House Bill 2737 and its companion bill Senate Bill 513 have been dubbed the Student Physical Privacy Act. They would apply to students using restrooms, locker rooms and showers in public and postsecondary schools.
“I think it definitely has the potential to drive people away from public schools in Kansas,” said Marisa Pecoraro, a sophomore at the University of Kansas, who participated in the protest.
The bills are identical and say “parents have a reasonable expectation that public schools in this state will not allow their minor children to be viewed in various states of undress by members of the opposite sex, nor allow their minor children to view members of the opposite sex in various states of undress.” The bills would allow transgender students to request alternative facilities, with permission of parents or guardians. Schools would then evaluate the request and make accommodations “to the extent reasonable,” which might include access to single-stall or unisex bathrooms.
The bills define sex as “the physical condition of being male or female, which is determined by a person’s chromosomes, and is identified at birth by a person’s anatomy.”
The bills also provide that any aggrieved student who encounters someone of the opposite sex in a school bathroom or locker room can receive up to $2,500 in damages, plus monetary damages for emotional or psychological harm suffered and compensation for attorney’s fees.
Jacob Moyer, a student activist from Shawnee Mission North in Overland Park, said the demonstration was organized to coincide with the Day of Silence, a national event where silent demonstrations are held in public spaces to protest bullying and discrimination against lesbian, gay, bisexual and transgender (LGBT) students in schools. Demonstrators placed rainbow-colored duct tape over their mouths during the protest.
“It is symbolic because of all of the people who have been silenced by bullying against the LGBT community,” Moyer said.
Moyer also said the students participating in the Day of Silence went to school last week with duct tape over their mouths because the Shawnee Mission and Olathe school districts had Friday off.
Topeka transgender activist Stephanie Mott praised the students for protesting and joined the group of 30 on the north lawn. Mott is currently suing the Kansas Department of Health and Environment for not amending her gender to female on her birth certificate.
Traffic passing by occasionally honked in support of the protesters while some drivers made obscene gestures.
“That’s the kind of hate we’re trying to end here,” Moyer said. “There’s still a lot of hate in the state of Kansas.”
Protest organizer Caleb Bishop, a student at Olathe North High School, said he didn’t expect such a large turnout.

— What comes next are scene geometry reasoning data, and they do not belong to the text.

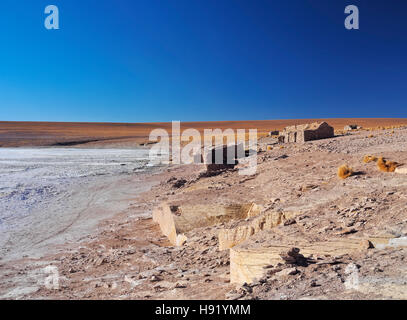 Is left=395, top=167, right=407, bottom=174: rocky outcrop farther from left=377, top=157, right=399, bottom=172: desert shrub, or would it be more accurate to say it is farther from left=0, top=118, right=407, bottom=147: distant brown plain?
left=0, top=118, right=407, bottom=147: distant brown plain

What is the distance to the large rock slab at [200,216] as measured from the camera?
25.2 ft

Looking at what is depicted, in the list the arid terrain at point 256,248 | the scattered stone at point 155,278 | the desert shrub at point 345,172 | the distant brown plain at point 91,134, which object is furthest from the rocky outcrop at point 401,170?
the distant brown plain at point 91,134

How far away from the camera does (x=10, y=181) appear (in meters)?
17.3

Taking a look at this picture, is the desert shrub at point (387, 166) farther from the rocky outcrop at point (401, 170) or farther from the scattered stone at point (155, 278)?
the scattered stone at point (155, 278)

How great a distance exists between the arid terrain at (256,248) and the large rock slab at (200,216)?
2 cm

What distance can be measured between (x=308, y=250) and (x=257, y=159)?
33.7ft

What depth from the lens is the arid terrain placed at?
11.8 feet

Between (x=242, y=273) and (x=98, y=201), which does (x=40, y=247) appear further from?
(x=242, y=273)

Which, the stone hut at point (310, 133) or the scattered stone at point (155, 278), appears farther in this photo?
the stone hut at point (310, 133)

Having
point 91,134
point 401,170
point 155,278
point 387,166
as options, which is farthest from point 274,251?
point 91,134

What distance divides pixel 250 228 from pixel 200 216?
7.16ft

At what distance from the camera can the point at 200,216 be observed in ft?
26.1

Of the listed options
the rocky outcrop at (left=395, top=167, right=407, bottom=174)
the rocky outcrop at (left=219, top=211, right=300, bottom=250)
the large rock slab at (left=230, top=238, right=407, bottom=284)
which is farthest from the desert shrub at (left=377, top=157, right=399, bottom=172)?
the large rock slab at (left=230, top=238, right=407, bottom=284)

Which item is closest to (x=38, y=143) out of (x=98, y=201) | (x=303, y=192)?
(x=98, y=201) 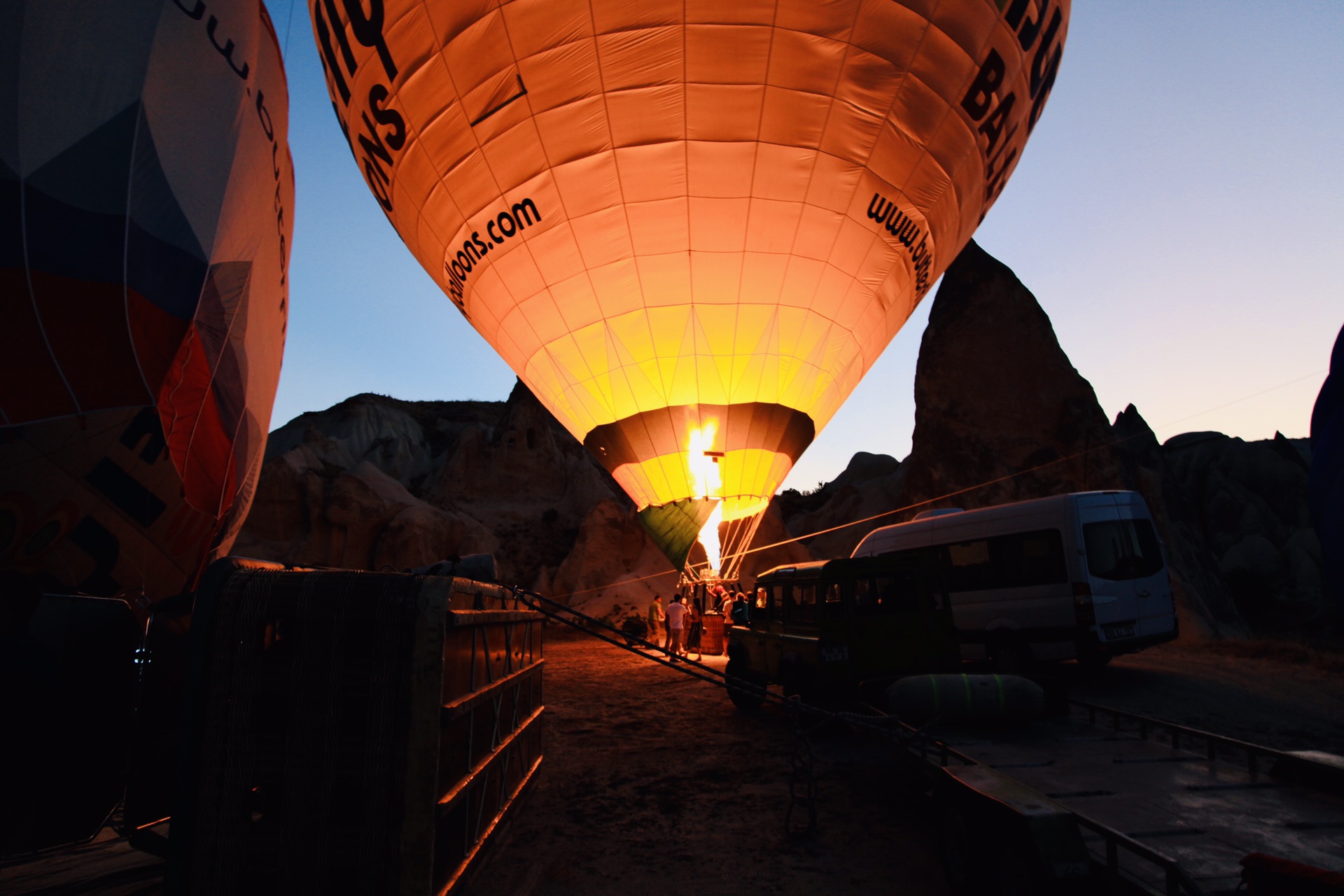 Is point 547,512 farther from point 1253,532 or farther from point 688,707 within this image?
point 1253,532

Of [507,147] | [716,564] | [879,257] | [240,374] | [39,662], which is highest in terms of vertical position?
[507,147]

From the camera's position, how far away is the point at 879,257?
40.7ft

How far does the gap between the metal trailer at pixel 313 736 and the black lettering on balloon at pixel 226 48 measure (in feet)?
24.1

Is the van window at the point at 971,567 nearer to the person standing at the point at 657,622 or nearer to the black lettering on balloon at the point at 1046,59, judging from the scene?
the black lettering on balloon at the point at 1046,59

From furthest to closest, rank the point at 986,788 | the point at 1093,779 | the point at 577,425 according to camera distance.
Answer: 1. the point at 577,425
2. the point at 1093,779
3. the point at 986,788

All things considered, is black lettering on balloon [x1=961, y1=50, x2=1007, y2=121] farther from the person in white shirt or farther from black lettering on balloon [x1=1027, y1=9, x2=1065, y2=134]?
the person in white shirt

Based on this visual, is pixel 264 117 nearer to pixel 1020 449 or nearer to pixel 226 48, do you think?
pixel 226 48

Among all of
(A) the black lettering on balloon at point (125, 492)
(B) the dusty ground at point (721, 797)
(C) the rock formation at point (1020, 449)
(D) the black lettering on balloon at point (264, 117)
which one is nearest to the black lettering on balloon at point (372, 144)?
(D) the black lettering on balloon at point (264, 117)

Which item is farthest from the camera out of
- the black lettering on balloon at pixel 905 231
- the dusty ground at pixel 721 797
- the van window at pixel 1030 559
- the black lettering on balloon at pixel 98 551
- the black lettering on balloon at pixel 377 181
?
the black lettering on balloon at pixel 377 181

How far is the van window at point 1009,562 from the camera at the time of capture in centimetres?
988

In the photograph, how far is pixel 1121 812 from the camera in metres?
3.50

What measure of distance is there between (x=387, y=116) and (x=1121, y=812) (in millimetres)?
12751

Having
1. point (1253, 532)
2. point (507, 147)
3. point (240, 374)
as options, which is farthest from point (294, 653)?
point (1253, 532)

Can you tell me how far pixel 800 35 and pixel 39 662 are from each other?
10.5 m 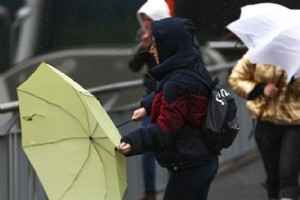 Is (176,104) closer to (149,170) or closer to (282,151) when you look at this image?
(282,151)

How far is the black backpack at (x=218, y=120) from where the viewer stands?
562 cm

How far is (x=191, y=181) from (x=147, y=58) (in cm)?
258

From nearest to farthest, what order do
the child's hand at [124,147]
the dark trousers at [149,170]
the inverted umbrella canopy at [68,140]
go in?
the child's hand at [124,147]
the inverted umbrella canopy at [68,140]
the dark trousers at [149,170]

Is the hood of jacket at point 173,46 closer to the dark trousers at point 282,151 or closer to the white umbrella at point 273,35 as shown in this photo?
the white umbrella at point 273,35

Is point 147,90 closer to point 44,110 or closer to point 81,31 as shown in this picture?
point 81,31

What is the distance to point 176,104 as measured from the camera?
5523 mm

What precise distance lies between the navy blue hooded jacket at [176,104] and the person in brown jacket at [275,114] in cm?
174

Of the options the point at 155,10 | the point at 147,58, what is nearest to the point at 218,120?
the point at 155,10

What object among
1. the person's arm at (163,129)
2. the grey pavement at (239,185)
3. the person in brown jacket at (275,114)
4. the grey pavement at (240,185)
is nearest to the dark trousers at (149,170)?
the grey pavement at (239,185)

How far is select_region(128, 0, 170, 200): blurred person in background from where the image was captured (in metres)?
7.30

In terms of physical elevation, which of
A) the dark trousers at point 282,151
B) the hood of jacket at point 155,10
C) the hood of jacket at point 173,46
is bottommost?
the dark trousers at point 282,151

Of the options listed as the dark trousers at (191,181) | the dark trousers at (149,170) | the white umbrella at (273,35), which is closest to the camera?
the dark trousers at (191,181)

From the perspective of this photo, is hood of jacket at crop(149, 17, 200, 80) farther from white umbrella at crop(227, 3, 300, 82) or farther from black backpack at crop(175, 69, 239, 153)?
white umbrella at crop(227, 3, 300, 82)

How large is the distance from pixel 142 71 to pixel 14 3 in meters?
1.29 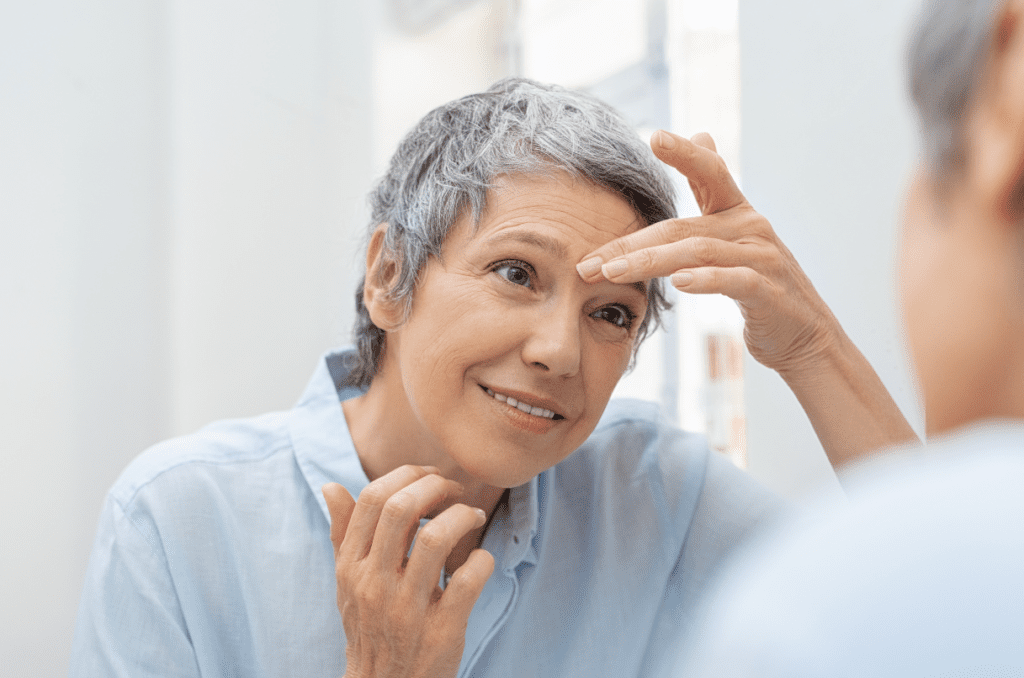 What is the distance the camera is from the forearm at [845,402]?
0.86 metres

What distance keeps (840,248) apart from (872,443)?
9.9 inches

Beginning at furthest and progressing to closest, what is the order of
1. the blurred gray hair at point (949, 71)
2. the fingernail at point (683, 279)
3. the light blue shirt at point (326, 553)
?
the light blue shirt at point (326, 553), the fingernail at point (683, 279), the blurred gray hair at point (949, 71)

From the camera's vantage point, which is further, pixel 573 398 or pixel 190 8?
pixel 190 8

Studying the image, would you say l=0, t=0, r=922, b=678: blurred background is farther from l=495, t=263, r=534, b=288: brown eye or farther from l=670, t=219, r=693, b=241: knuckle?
l=495, t=263, r=534, b=288: brown eye

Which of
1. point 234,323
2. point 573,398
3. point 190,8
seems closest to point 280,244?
point 234,323

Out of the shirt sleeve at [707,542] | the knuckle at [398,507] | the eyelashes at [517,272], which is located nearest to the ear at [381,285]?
the eyelashes at [517,272]

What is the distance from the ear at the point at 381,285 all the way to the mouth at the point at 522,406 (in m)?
0.17

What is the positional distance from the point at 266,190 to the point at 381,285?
95cm

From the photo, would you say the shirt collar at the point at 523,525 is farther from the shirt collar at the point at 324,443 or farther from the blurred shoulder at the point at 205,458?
the blurred shoulder at the point at 205,458

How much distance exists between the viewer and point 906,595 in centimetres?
31

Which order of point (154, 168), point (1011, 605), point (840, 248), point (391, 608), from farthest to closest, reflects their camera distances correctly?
point (154, 168) < point (840, 248) < point (391, 608) < point (1011, 605)

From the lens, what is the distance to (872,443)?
2.80 feet

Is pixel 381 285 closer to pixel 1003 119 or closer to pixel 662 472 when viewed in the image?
pixel 662 472

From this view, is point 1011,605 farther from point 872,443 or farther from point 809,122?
point 809,122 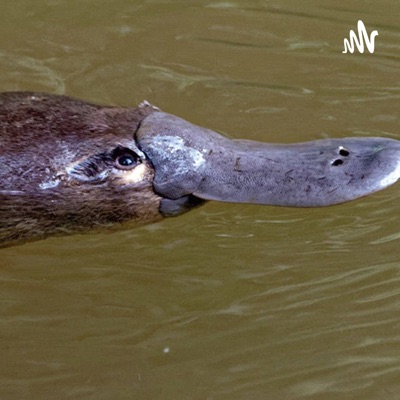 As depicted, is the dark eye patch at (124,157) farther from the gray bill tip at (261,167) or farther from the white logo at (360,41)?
the white logo at (360,41)

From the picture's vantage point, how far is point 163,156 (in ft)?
14.1

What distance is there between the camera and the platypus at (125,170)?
4.24 meters

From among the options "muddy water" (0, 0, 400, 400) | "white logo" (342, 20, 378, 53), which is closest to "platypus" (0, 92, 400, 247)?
"muddy water" (0, 0, 400, 400)

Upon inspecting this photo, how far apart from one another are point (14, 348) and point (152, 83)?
195 cm

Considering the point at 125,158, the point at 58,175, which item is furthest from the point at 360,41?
the point at 58,175

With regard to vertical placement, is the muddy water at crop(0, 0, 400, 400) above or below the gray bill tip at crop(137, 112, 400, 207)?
below

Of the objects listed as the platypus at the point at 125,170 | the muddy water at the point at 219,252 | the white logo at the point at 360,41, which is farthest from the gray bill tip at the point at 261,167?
the white logo at the point at 360,41

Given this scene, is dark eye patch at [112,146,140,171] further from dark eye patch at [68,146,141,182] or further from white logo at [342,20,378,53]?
white logo at [342,20,378,53]

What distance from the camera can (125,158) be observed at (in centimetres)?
431

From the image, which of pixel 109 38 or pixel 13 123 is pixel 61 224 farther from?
pixel 109 38

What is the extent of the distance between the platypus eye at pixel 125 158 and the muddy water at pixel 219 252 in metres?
0.70

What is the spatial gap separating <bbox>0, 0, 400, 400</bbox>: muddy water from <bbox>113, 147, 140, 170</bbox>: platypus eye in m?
0.70

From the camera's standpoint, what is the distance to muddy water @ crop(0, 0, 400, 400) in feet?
14.4

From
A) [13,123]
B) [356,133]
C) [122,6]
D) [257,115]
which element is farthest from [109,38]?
[13,123] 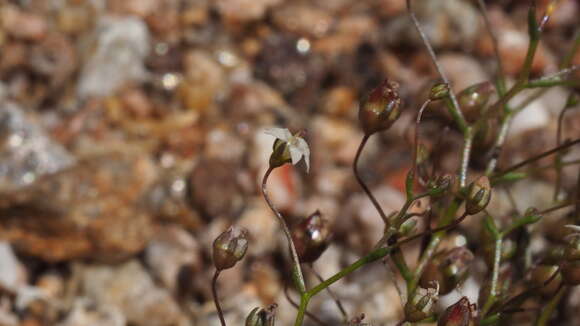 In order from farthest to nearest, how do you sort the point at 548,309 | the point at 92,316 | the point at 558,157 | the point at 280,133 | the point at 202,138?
the point at 202,138 → the point at 92,316 → the point at 558,157 → the point at 548,309 → the point at 280,133

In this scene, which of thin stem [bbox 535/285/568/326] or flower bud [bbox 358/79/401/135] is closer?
flower bud [bbox 358/79/401/135]

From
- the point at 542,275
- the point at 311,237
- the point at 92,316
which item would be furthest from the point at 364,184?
the point at 92,316

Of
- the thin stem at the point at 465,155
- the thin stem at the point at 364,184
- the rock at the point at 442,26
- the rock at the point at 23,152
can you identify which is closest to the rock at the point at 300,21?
the rock at the point at 442,26

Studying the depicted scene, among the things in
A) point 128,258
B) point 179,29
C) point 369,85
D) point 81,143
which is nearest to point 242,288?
point 128,258

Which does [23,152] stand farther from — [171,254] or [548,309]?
[548,309]

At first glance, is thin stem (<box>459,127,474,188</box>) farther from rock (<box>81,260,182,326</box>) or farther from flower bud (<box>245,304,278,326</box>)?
rock (<box>81,260,182,326</box>)

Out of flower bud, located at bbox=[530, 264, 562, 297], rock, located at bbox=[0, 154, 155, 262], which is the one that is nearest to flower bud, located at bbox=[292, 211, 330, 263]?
flower bud, located at bbox=[530, 264, 562, 297] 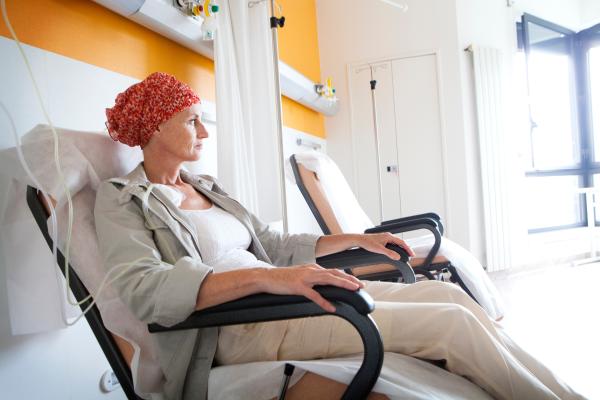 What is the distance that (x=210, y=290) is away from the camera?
879 mm

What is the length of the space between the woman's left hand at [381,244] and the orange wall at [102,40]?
113 centimetres

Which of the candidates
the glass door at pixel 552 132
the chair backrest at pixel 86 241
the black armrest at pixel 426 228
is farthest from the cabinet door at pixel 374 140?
the chair backrest at pixel 86 241

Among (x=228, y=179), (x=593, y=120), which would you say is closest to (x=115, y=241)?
A: (x=228, y=179)

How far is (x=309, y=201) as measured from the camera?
2.13 metres

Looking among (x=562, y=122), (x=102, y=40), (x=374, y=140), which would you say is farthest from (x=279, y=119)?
(x=562, y=122)

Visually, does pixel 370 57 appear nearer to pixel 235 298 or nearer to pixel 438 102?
pixel 438 102

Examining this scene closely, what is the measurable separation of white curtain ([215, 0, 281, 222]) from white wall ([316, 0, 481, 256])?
236 cm

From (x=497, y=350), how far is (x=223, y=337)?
568 mm

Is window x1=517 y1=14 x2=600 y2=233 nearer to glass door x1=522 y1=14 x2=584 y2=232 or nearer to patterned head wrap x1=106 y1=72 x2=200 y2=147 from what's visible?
glass door x1=522 y1=14 x2=584 y2=232

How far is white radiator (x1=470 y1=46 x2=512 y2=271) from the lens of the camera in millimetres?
4262

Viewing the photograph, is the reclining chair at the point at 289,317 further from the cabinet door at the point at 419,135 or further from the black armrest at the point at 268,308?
the cabinet door at the point at 419,135

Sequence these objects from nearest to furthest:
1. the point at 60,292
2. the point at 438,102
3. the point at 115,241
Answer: the point at 115,241 < the point at 60,292 < the point at 438,102

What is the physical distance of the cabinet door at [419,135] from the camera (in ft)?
14.2

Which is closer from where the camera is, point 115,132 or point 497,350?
point 497,350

“We deserve a place where we can feel like we belong and where we can feel safe within our own communities,” Bishop said.
Kansas is one of 28 states without protection from discrimination in employment, housing or public accommodations based on gender identity or sexuality.
HB 2737 has been referred to the Committee on State and Federal Affairs, and SB 513 has been referred to the Committee on Education. The bills were introduced in mid-March, about a week before the legislature went into recess. Lawmakers return to Topeka on April 27.